Copy nothing before the line that contains "And there you"; from there, transcribe each line exactly through the end of the material, omitting pictures.

# # # #

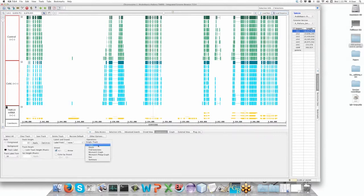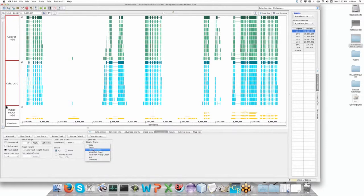The single track functions are things like copy this track, show me only the mismatches but in a graphical format, or show me all the region that does not have annotated material. The ones we're going to focus on now are Find Junction and Depth, and I'll explain them as we begin to look at them.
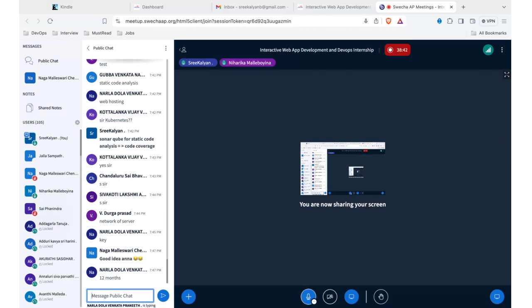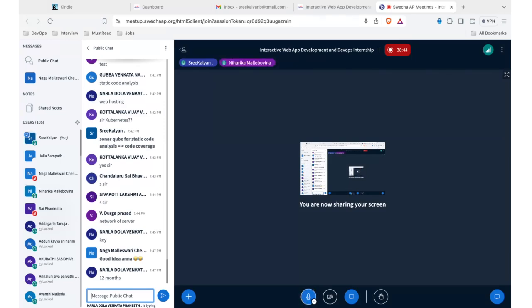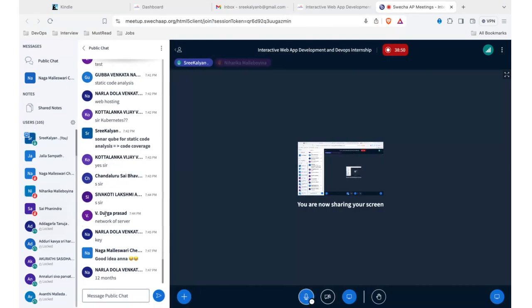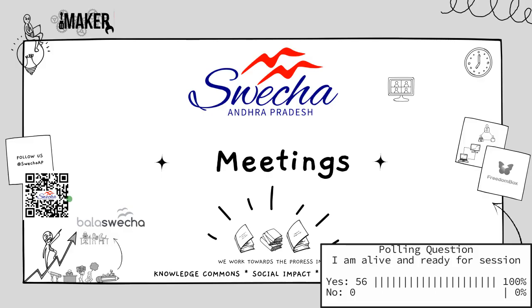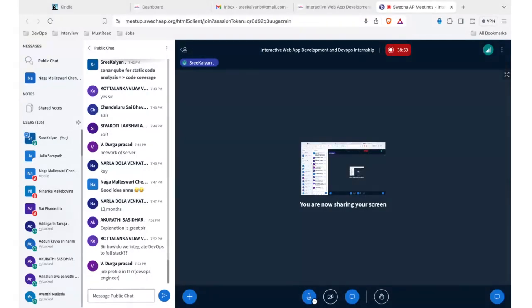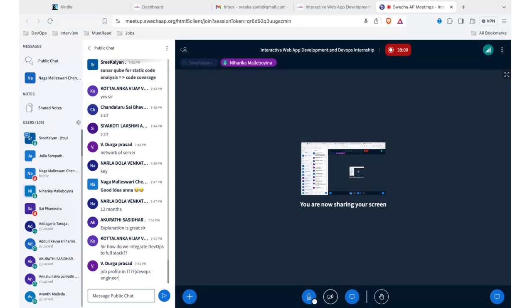That's it from my side. I can see you have a doubt in the public chat. Just two minutes, let me check that.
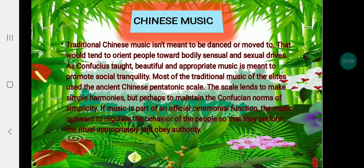Now let's proceed to Chinese music. Traditional Chinese music is not meant to be a dance or music that will orient people towards bodily, sensual, and sexual indulgence. As Confucius thought, beautiful music should embody simplicity. If music is performed in a formal ceremonial fashion, it is meant to regulate the behavior of the people so that rituals are performed with great authority.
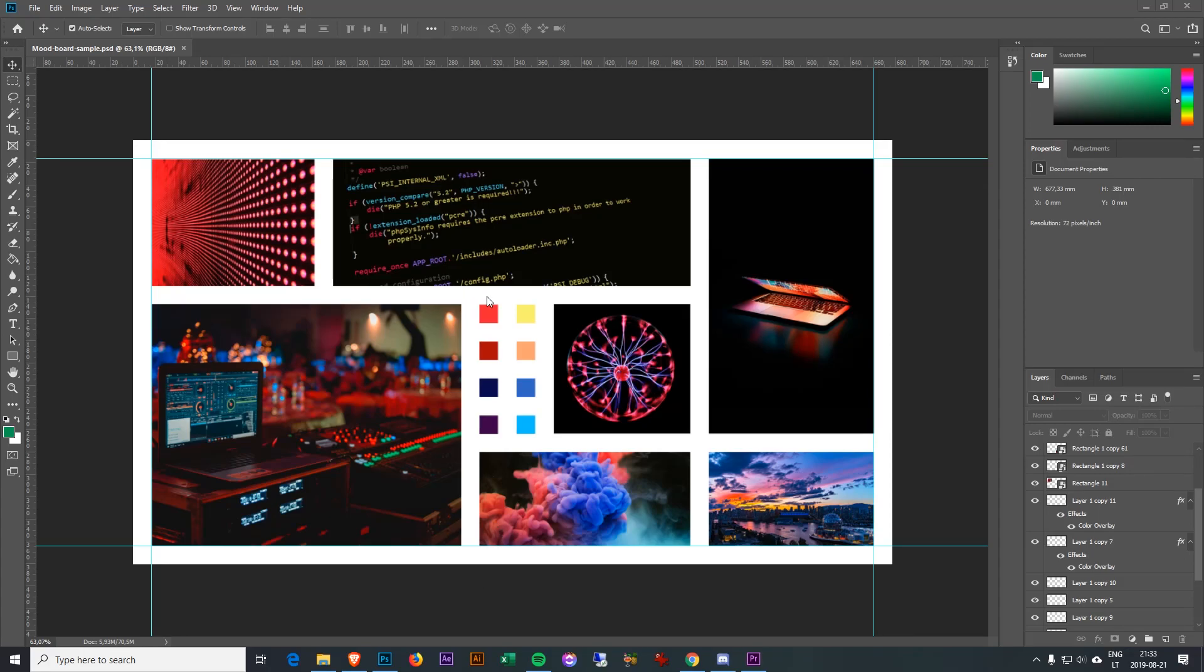Greetings! Do you want to make a mood board that looks like something like this in Photoshop? Watch this video and you will learn how.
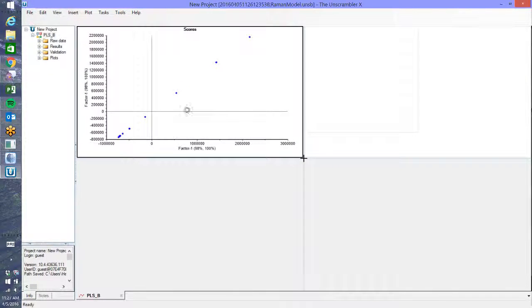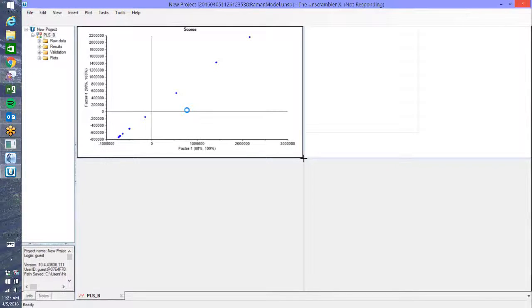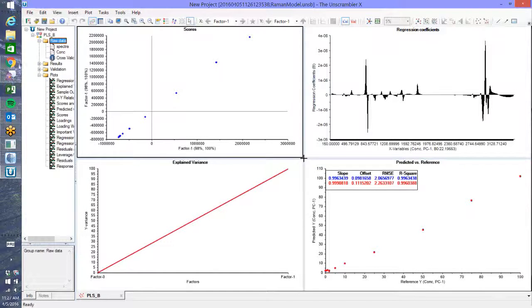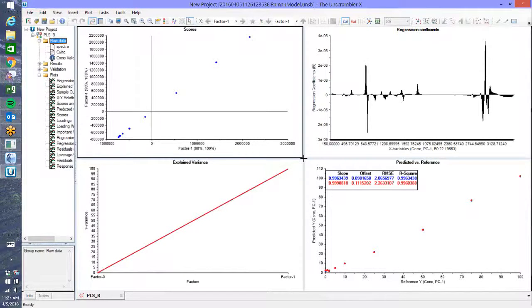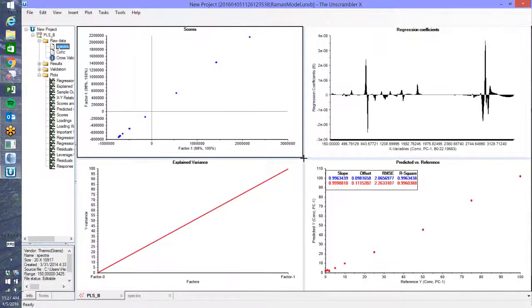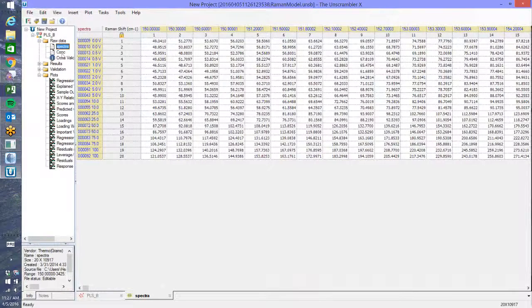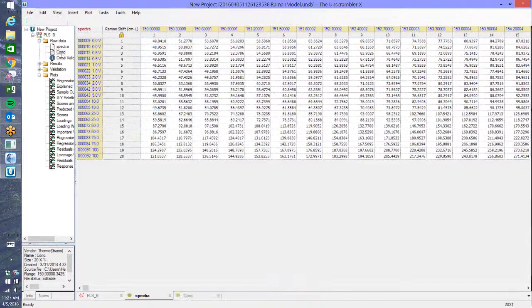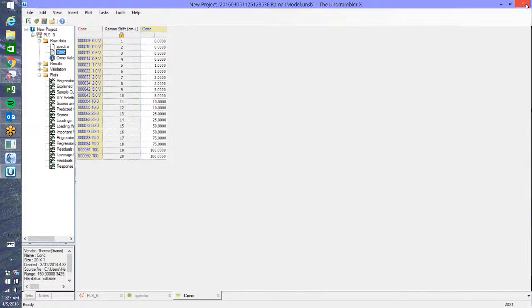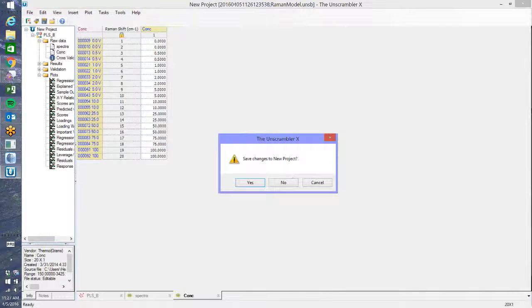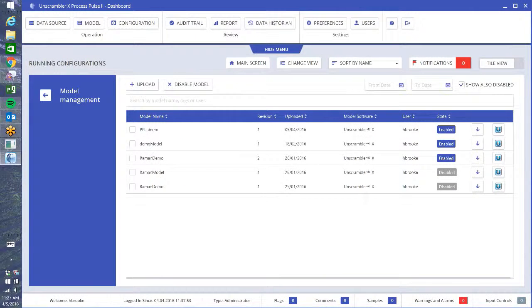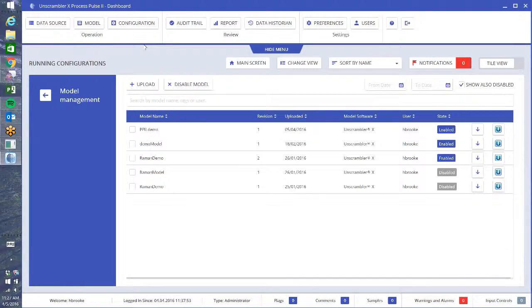So this is your model and you get all the graphics that you generally expect from the Unscrambler. You also have the raw data, so you can look at your original spectra in that sheet, concentrations, etc. So I'm just going to close that. No, I don't want to save any changes. And so the third step now is configuration.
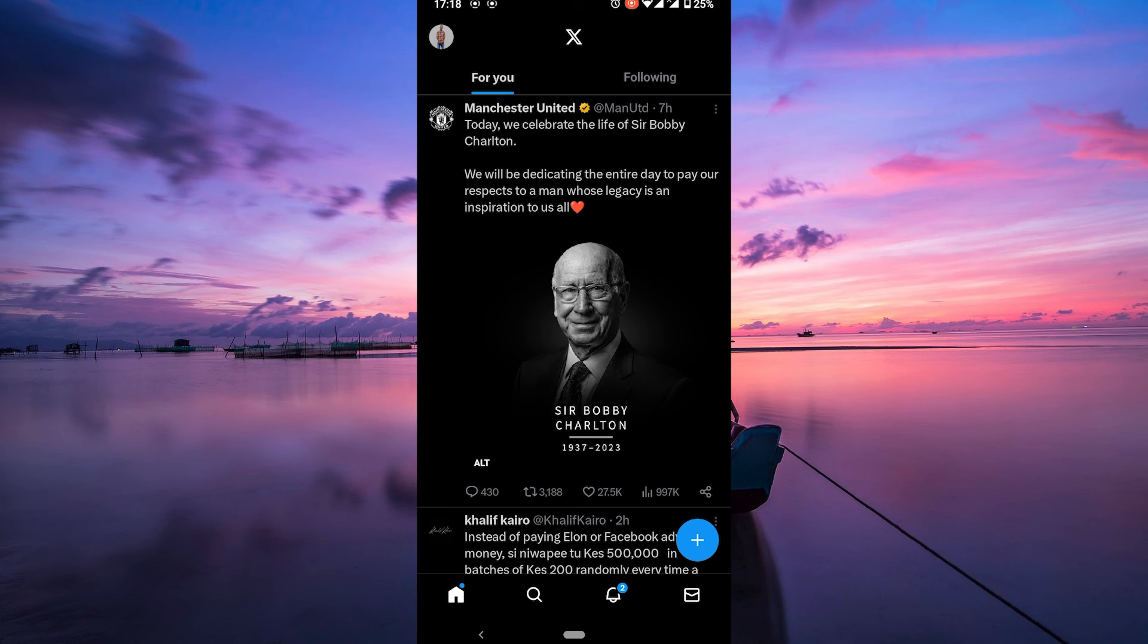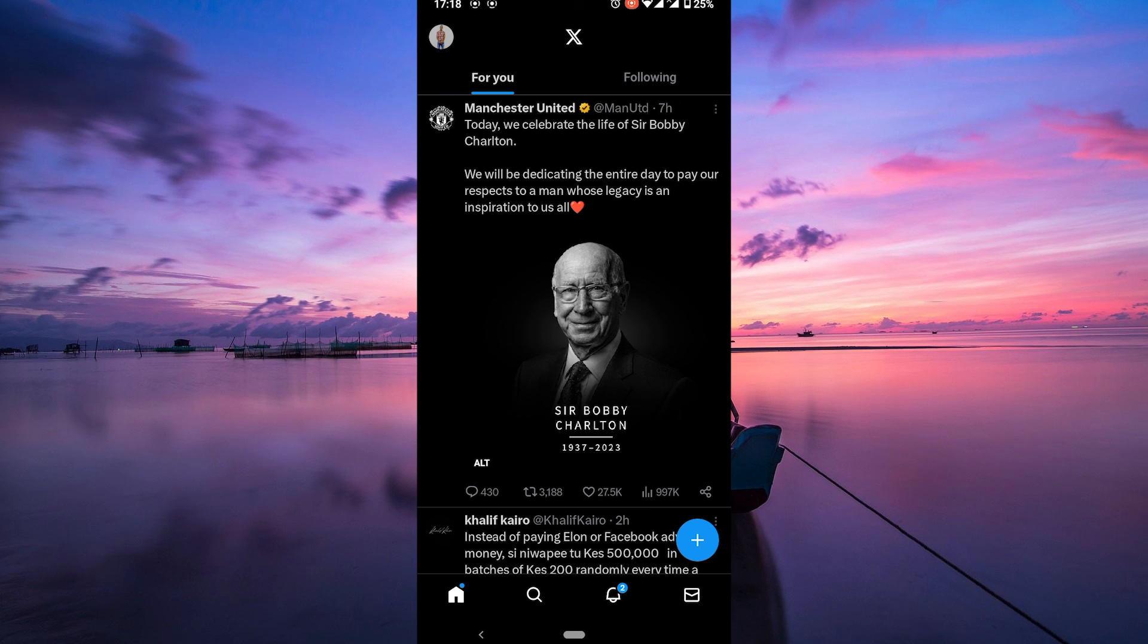And there you have it, a quick guide on recovering your X username. Thank you for watching. If this video is helpful, please leave a like and subscribe to my channel for more videos like this, and click on that notification bell to never miss an update.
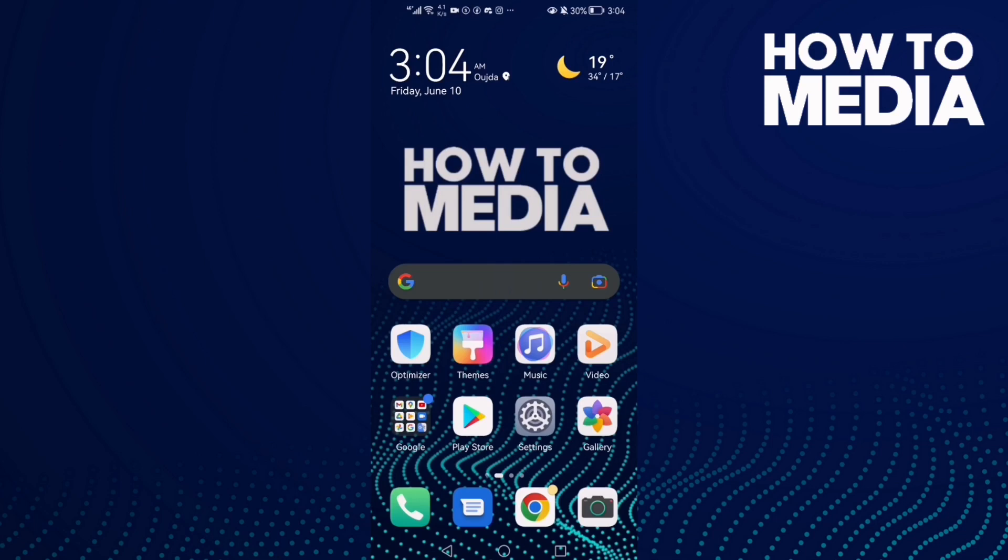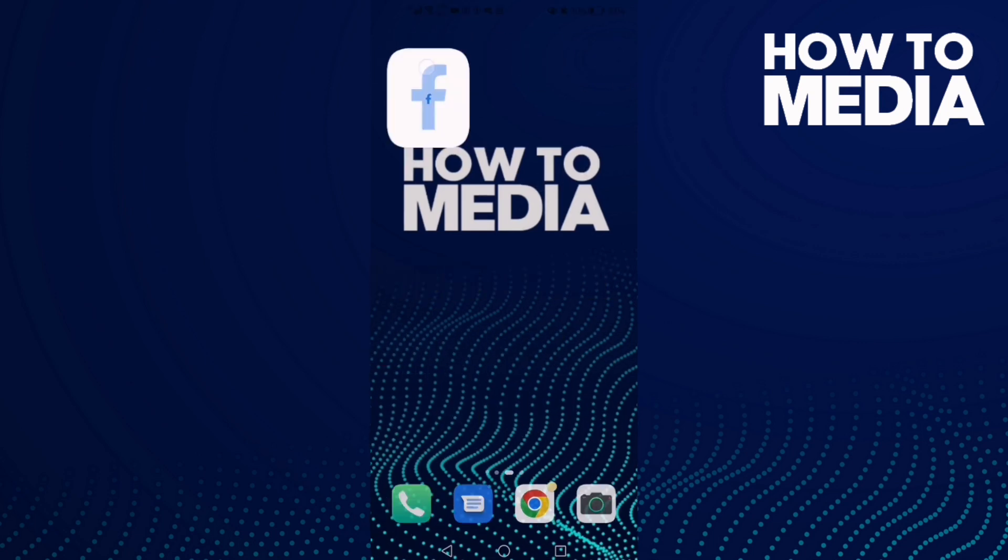How to turn off edits to your page comments notifications on Facebook Lite. Hello guys, in today's video I'm going to show you how to turn off edits to your page comments notifications on Facebook Lite. First, open Facebook Lite.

# # # #

#### [Response to the task]
And there you have it, a quick guide on recovering your X username. Thank you for watching. If this video is helpful, please leave a like and subscribe to my channel for more videos like this, and click on that notification bell to never miss an update.
How to turn off edits to your page comments notifications on Facebook Lite. Hello guys, in today's video I'm going to show you how to turn off edits to your page comments notifications on Facebook Lite. First, open Facebook Lite.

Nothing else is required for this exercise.